• THE PROBLEM
Only the lines from the line containing "胡問遂王秋璇行書個性簽名怎么寫" through the final line of the entries should be printed, exactly as given, with the pictures left out.

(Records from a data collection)
● ● ● ●

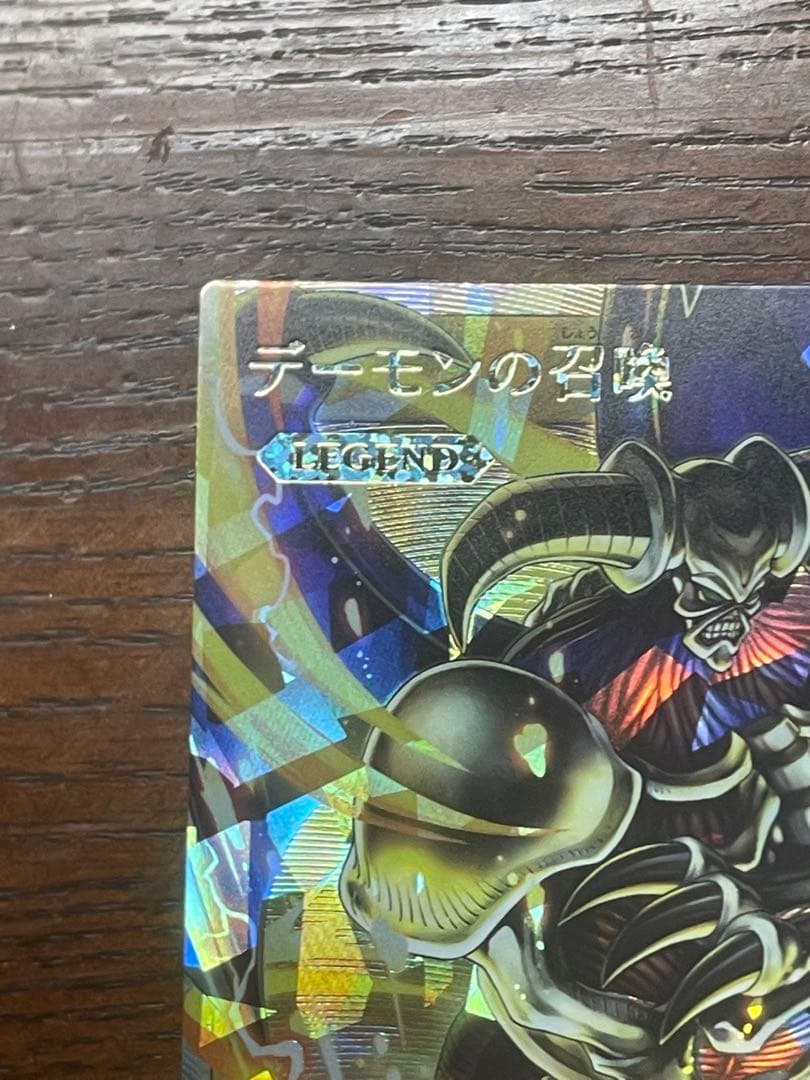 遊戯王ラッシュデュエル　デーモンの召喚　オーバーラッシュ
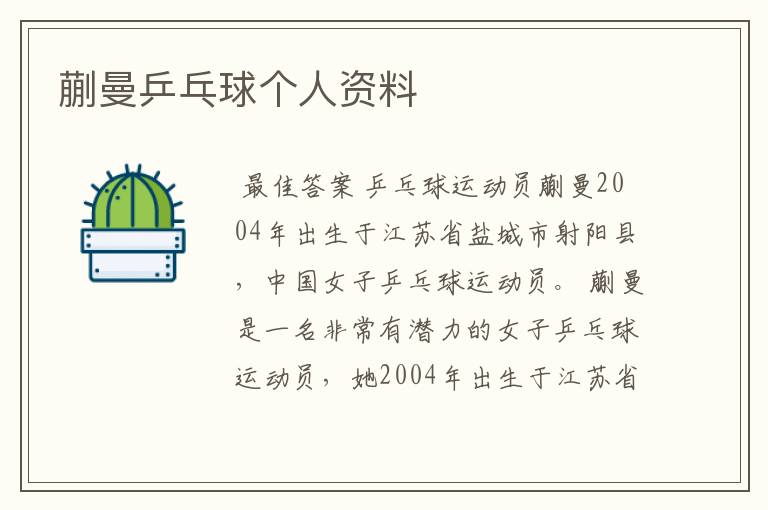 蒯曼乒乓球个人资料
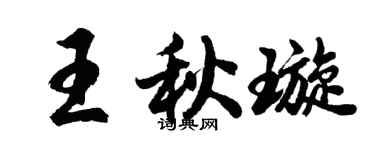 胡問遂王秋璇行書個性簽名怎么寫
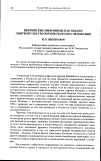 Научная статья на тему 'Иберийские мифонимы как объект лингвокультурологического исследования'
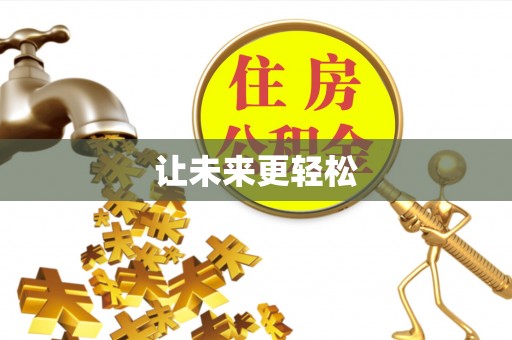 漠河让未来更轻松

● ● ● ●

• RESULT FOR THIS EXERCISE
 胡問遂王秋璇行書個性簽名怎么寫
 Научная статья на тему 'Иберийские мифонимы как объект лингвокультурологического исследования'
 漠河让未来更轻松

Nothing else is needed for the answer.